*Task:* Set the material down again exactly, line by line, skipping each picture.

++++++++

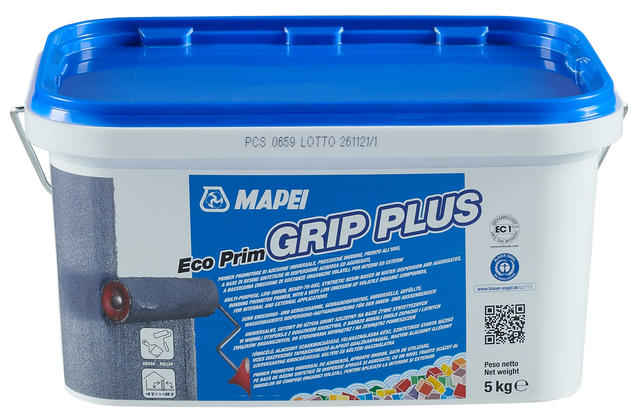 Warstwa kontaktowa ECO PRIM GRIP 5 kg MAPEI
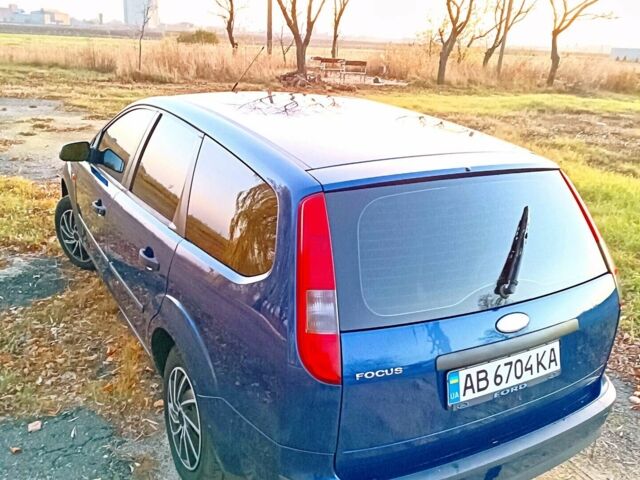 Синій Форд Фокус, об'ємом двигуна 1.6 л та пробігом 251 тис. км за 5200 $, фото 11 на Automoto.ua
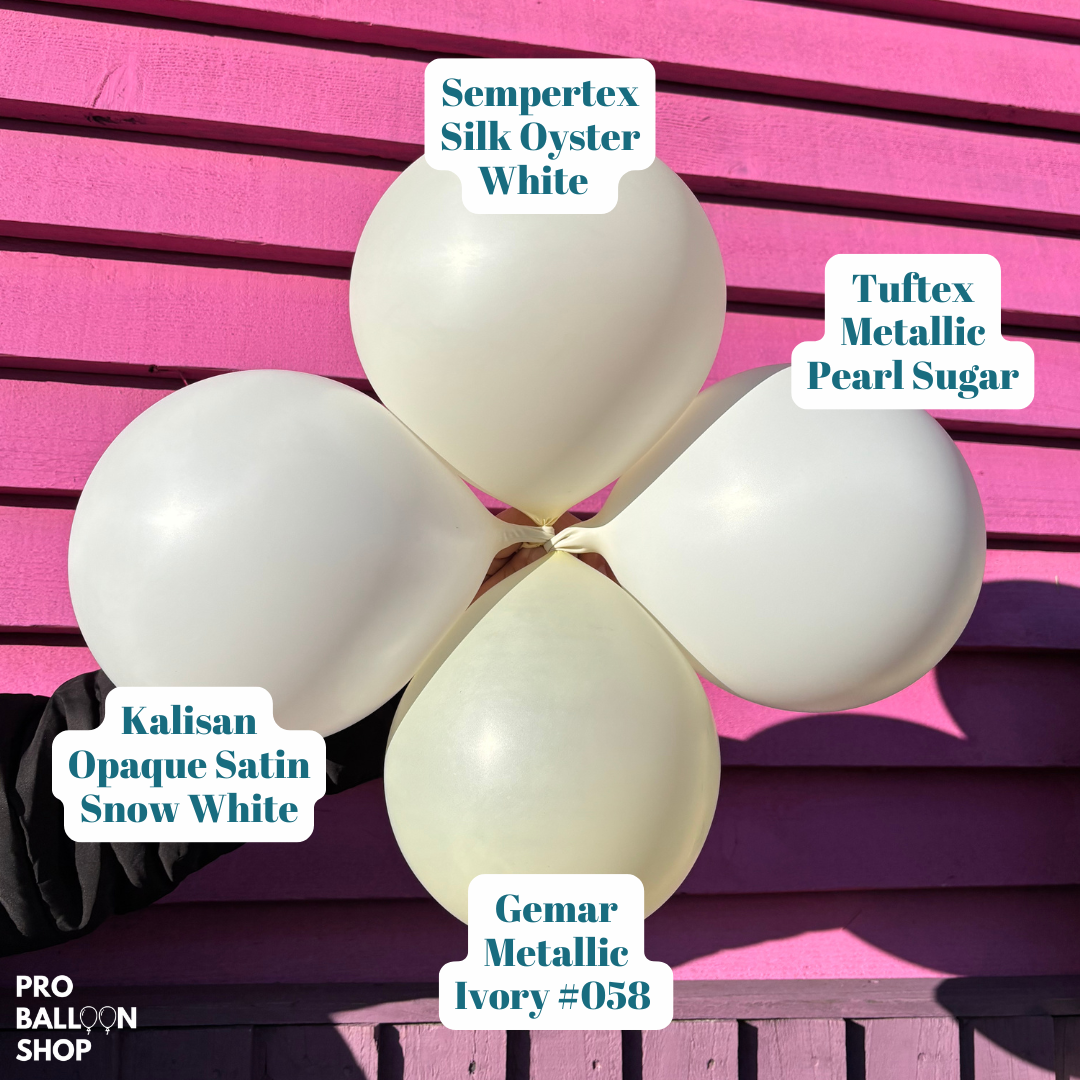 Colour Chart - Oyster White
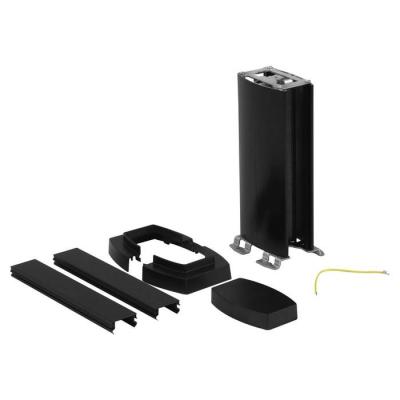  COLONNETTE 2 CPTS 45 0,3M NOIR 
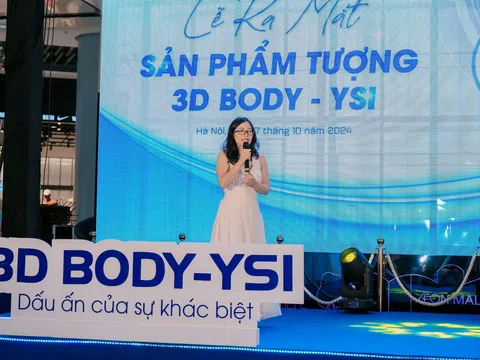 Trào lưu mới trong giới trẻ: In tượng 3D body y sì nguyên mẫu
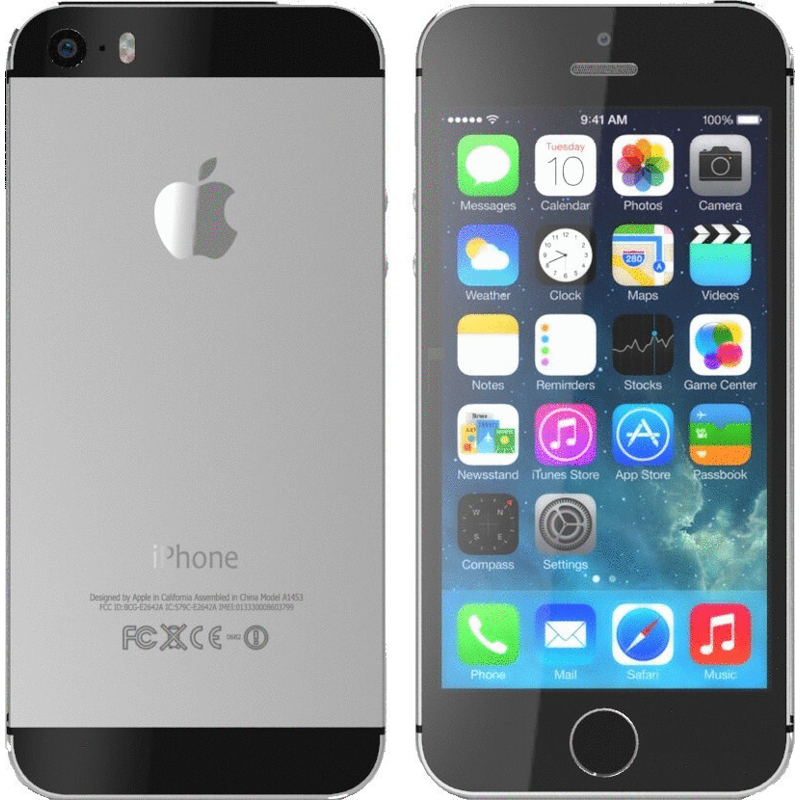 Apple iPhone 5S 64 Go gris sidéral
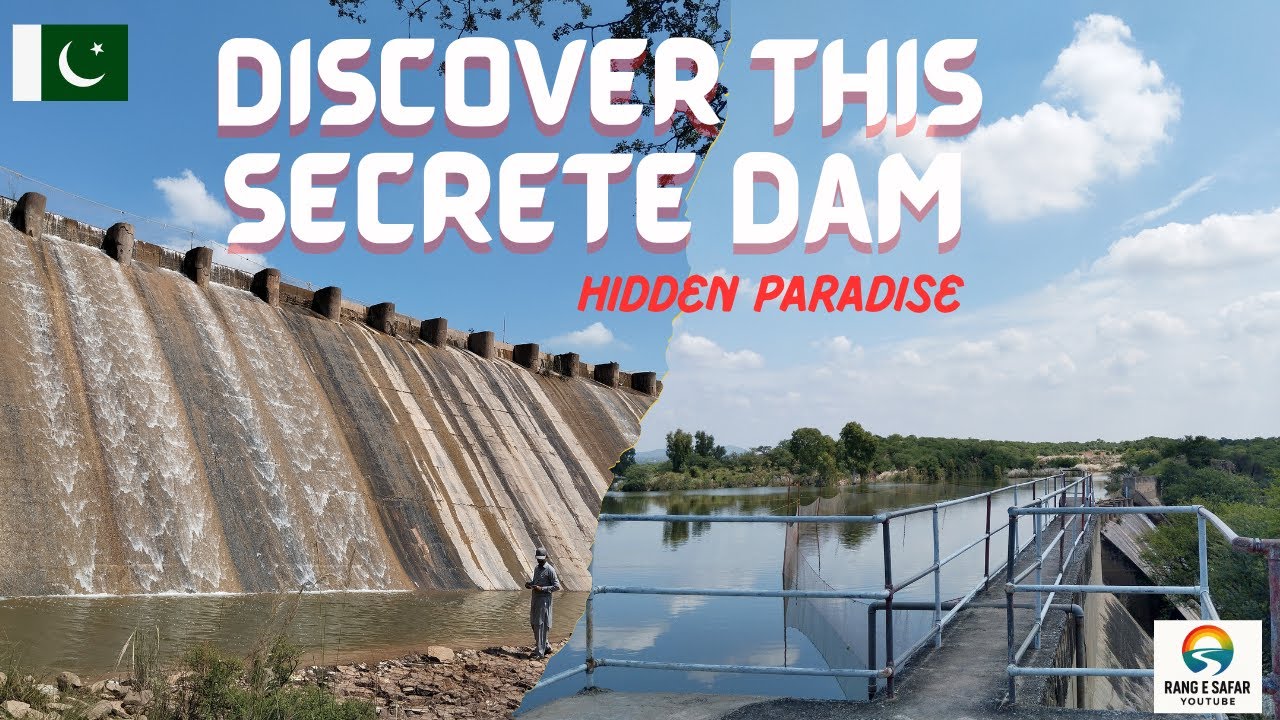 Ratti Kassi Dam Attock | Hidden Paradise in Pakistan 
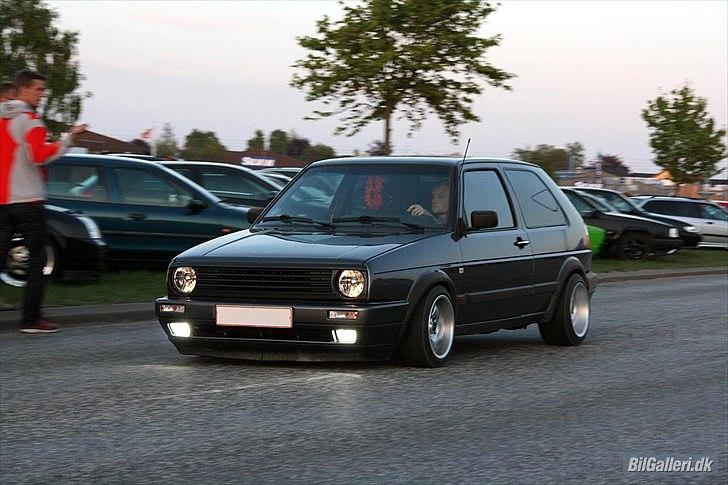 VW golf 2 1,8 kompressor "solgt" billede 8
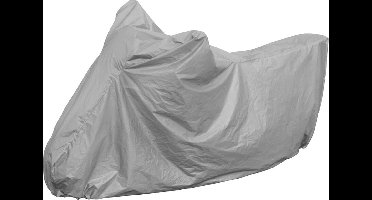 Lampa Ventura Motorhoes XL - Waterdichte Beschermhoes voor Motorfietsen en Scooters - Duurzaam PEVA, 246x127x104 cm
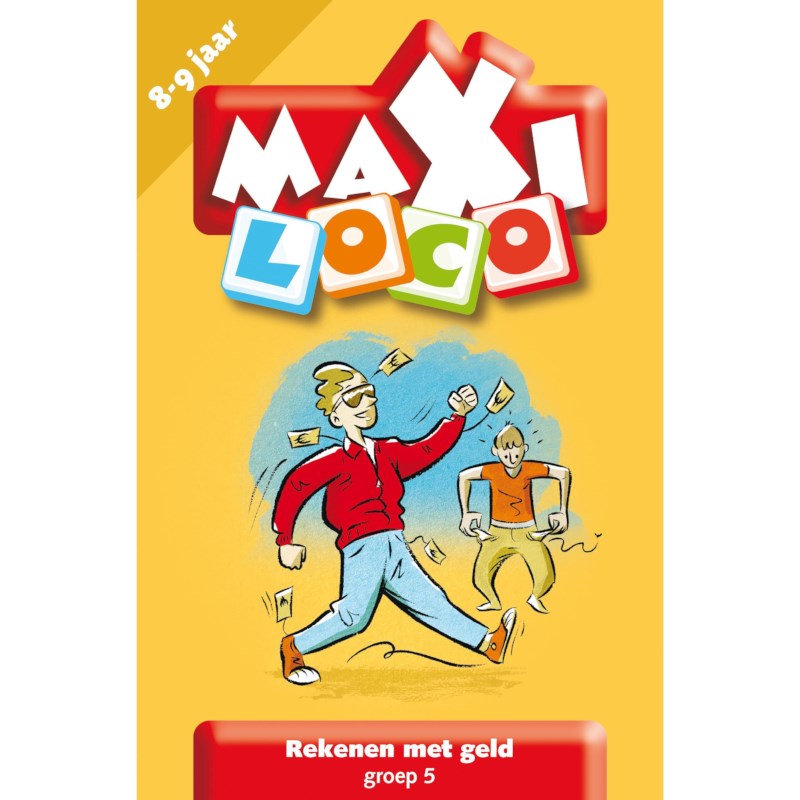 Afbeelding van het spelletje Maxi Loco - Rekenen met Geld Groep 5 (8-9 jaar)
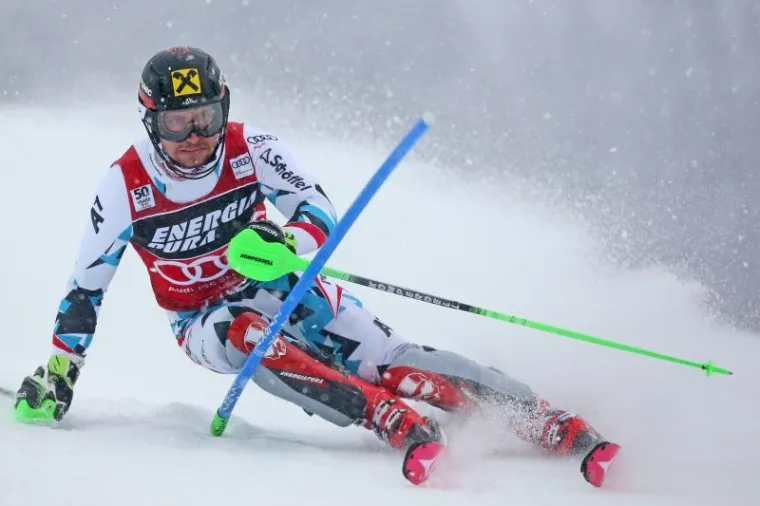 SJAJAN AMBIJENT NA SLJEMENU: Pogledajte kakva atmosfera vlada na mu&scaron;kom slalomu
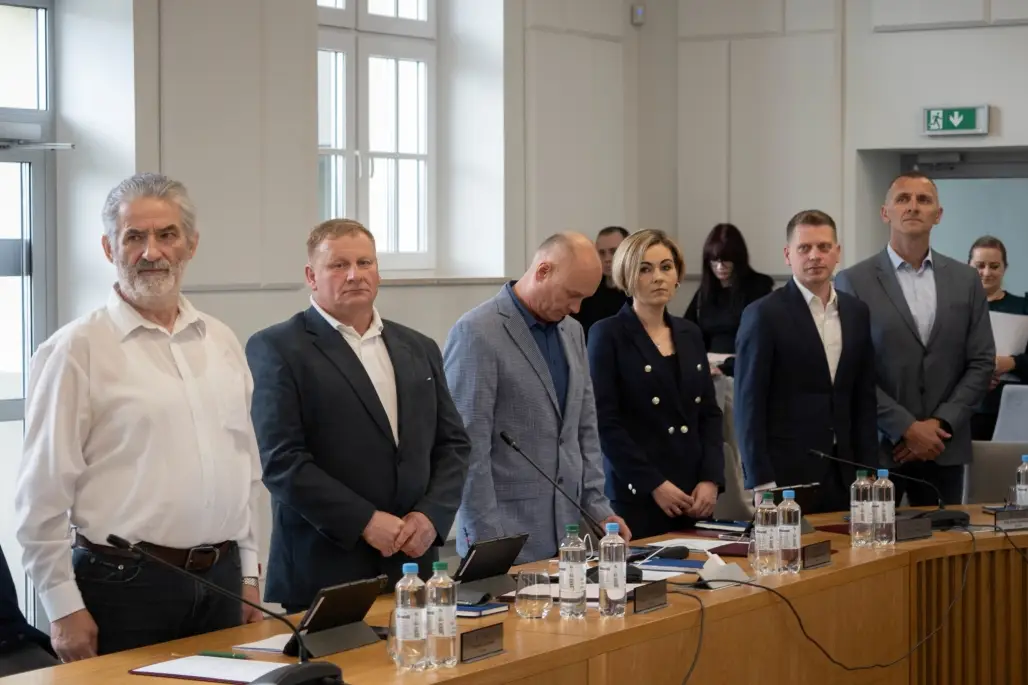 Fotorelacja z pierwszej sesji nowo wybranej Rady Miejskiej w Augustowie w kadencji 2024-2029. (72)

++++++++

*Answer to the problem:*
 Warstwa kontaktowa ECO PRIM GRIP 5 kg MAPEI
 Синій Форд Фокус, об'ємом двигуна 1.6 л та пробігом 251 тис. км за 5200 $, фото 11 на Automoto.ua
 Colour Chart - Oyster White
  COLONNETTE 2 CPTS 45 0,3M NOIR 
 Trào lưu mới trong giới trẻ: In tượng 3D body y sì nguyên mẫu
 Apple iPhone 5S 64 Go gris sidéral
 Ratti Kassi Dam Attock | Hidden Paradise in Pakistan 
 VW golf 2 1,8 kompressor "solgt" billede 8
 Lampa Ventura Motorhoes XL - Waterdichte Beschermhoes voor Motorfietsen en Scooters - Duurzaam PEVA, 246x127x104 cm
 Afbeelding van het spelletje Maxi Loco - Rekenen met Geld Groep 5 (8-9 jaar)
 SJAJAN AMBIJENT NA SLJEMENU: Pogledajte kakva atmosfera vlada na mu&scaron;kom slalomu
 Fotorelacja z pierwszej sesji nowo wybranej Rady Miejskiej w Augustowie w kadencji 2024-2029. (72)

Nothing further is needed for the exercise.